Required work
Output the full listing below exactly.

Provided data
++++++++

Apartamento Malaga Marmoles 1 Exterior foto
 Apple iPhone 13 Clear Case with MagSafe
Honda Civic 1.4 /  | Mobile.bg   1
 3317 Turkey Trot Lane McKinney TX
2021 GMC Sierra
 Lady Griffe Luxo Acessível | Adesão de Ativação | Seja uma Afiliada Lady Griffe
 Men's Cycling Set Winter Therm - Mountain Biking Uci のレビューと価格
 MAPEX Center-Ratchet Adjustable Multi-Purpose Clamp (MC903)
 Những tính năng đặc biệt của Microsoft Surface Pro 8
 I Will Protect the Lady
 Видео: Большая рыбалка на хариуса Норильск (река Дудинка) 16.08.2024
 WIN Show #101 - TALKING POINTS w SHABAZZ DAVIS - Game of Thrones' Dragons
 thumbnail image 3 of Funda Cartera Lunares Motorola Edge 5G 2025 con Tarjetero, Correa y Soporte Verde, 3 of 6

++++++++

Written reply
Apartamento Malaga Marmoles 1 Exterior foto
 Apple iPhone 13 Clear Case with MagSafe
Honda Civic 1.4 /  | Mobile.bg   1
 3317 Turkey Trot Lane McKinney TX
2021 GMC Sierra
 Lady Griffe Luxo Acessível | Adesão de Ativação | Seja uma Afiliada Lady Griffe
 Men's Cycling Set Winter Therm - Mountain Biking Uci のレビューと価格
 MAPEX Center-Ratchet Adjustable Multi-Purpose Clamp (MC903)
 Những tính năng đặc biệt của Microsoft Surface Pro 8
 I Will Protect the Lady
 Видео: Большая рыбалка на хариуса Норильск (река Дудинка) 16.08.2024
 WIN Show #101 - TALKING POINTS w SHABAZZ DAVIS - Game of Thrones' Dragons
 thumbnail image 3 of Funda Cartera Lunares Motorola Edge 5G 2025 con Tarjetero, Correa y Soporte Verde, 3 of 6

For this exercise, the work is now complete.